Lesson

The Children's March: Viewing the Film

This activity is designed for use with our free curriculum kit, Mighty Times: The Children's March, designed for the middle and upper grades.
Grade Level

Objectives
  • Students will understand political movements involve children as well as adults.
  • Students will understand children of all ages have the power to make a difference in the world.
Materials
  • Copy of The Children’s March film
  • Film guide handouts for each student 

Question and answer activity based on "The Children's March." (Download the Teacher's Guide here.)

 

Framework

The following questions are in the same order as the film. Students can fill them out as they watch the film or use them as a discussion guide following the film.

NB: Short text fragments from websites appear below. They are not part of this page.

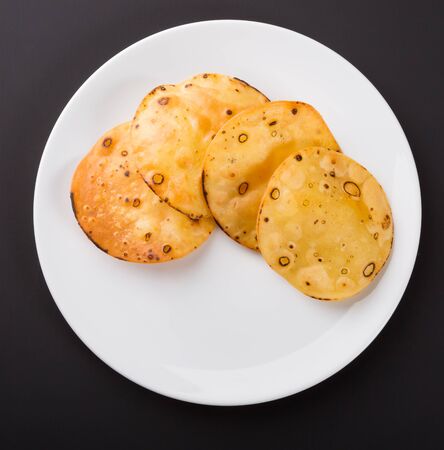 Yellow round potato chips on a whie plate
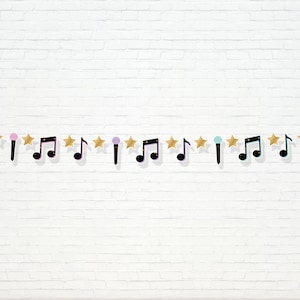 May include: A decorative banner featuring alternating musical notes, microphones, and gold stars. The musical notes are black with a light blue outline. The microphones are pink, purple, and teal. The banner is against a white brick wall.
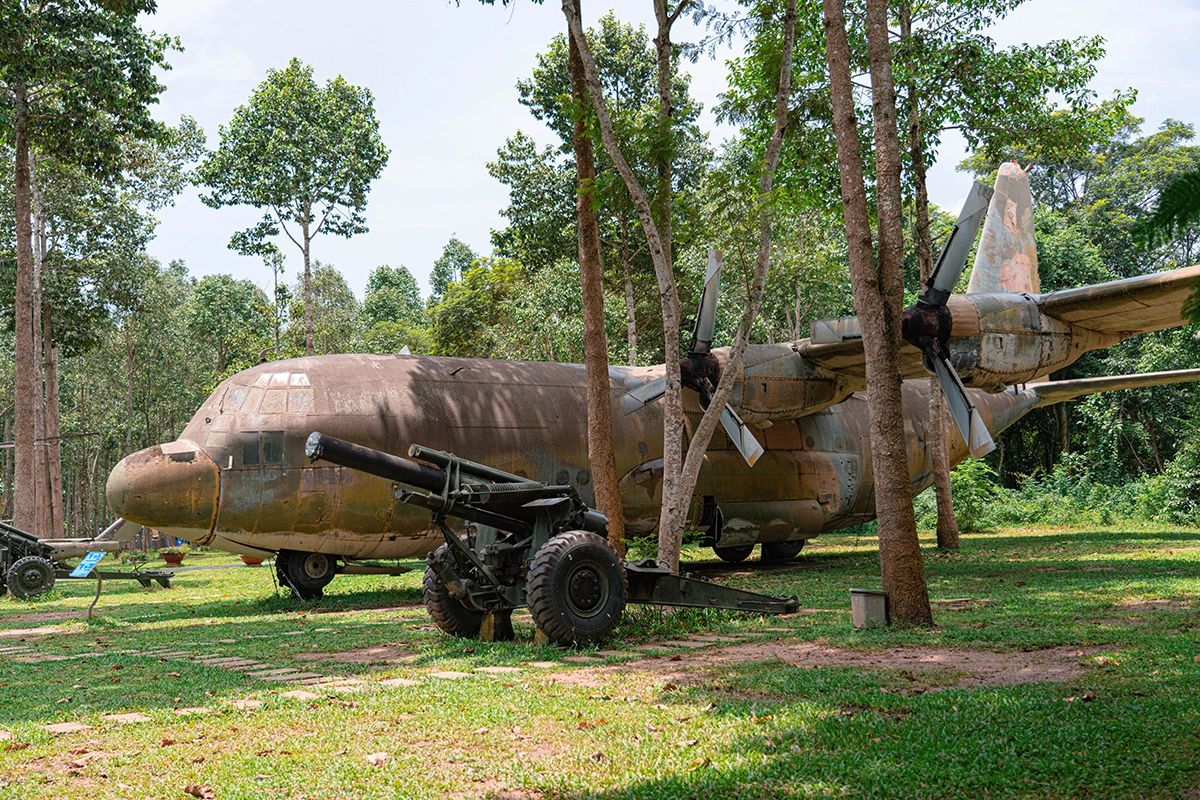 Historic military aircraft on display surrounded by tropical greenery – a sobering war history site in this Ho Chi Minh City guide
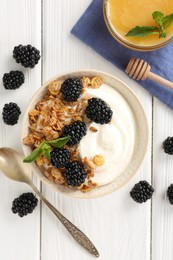 Photo of Tasty yogurt with granola, honey and blackberries in bowl on white wooden table, flat lay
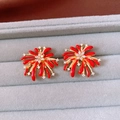 Macro shot of vintage red firework stud earrings with gold plating and cubic zirconia - Gold & Bright Red (Silver Needle)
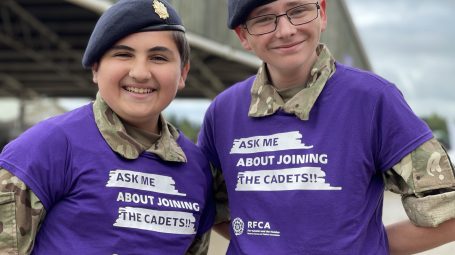 Two cadets smiling in front of a barn at the Great Yorkshire Show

Or students can complete them individually as a homework assignment, or in small groups after viewing the film. Pull out selected questions for general whole-group discussion. Make as many connections as possible to students’ local communities and lives.

These questions are given as a guide. (Download the answers.)

1. What was Birmingham’s nickname and why?
2. Have you ever seen a white tank anywhere before? What might a white tank symbolize to white people? What might it symbolize to black people?
3. The film states, “Under Bull Connor, Birmingham was the closest thing in America to a police state.” What is a police state?
4. Why couldn’t the parents or adults protest? What would happen to them if they did protest?
5. What does it mean to “meet violence with nonviolence”? What would it look like?
6. Dr. King said in a strategy session that “the only way we’re going to break Birmingham is to fill the jails.” What do you think a strategy session is? Why is it important?
7. Why do you think that Dr. King said “no,” at first, to kids going to jail?
8. Shelley “The Playboy” told the kids that “there’s going to be a party in the park today.” What did he mean?
9. What did the children’s teacher, Mrs. Goree, do to help them go to the march?
10. Kelly Ingram Park was the big green buffer between black Birmingham and the white downtown. Do buffers exist between groups in your community?
11. Gwen Webb says, “A lot of people thought the kids were going to get hurt, but the reality was that we were born black in Alabama and we were going to get hurt if we didn’t do something.” What did she mean by this?
12. The children left the church in “waves of 50.” How is that a strategy? What do you think it accomplished?
13. The police thought the kids would be frightened to be arrested. Instead, they were happy and singing. Why do you think the kids were full of joy to be arrested?
14. Why were the kids told to say that they were 15 years old when they were arrested? Did it work?
15. How many men did it take to hold the fire hoses steady?
16. There were 10 kids still standing after everyone else had been knocked down or dispersed by the fire hoses. What were they singing?
17. What did President Kennedy think of the photographs he saw of children being hosed on the second day of the march?
18. What were the conditions in the jails? Were they clean? What did the children get to eat? How long were they kept in jail?
19. What did the kids do in jail?
20. How old was the youngest child who got arrested and put in jail?
21. Dr. King told the parents, “Don’t worry about your children. They are going to be all right. Don’t hold them back if they want to go to jail for they are doing a job for all of America and for all mankind.” What job were they doing?
22. The white detective said that in the end there “was no way to hold a lid on this because the fear was gone.” What is significant about people losing fear?
23. On May 10th Dr. King said that “we have come today to the climax of the long struggle for justice and human dignity.” Had they?
24. On June 11th President Kennedy said “This is the end of segregation.” Was it?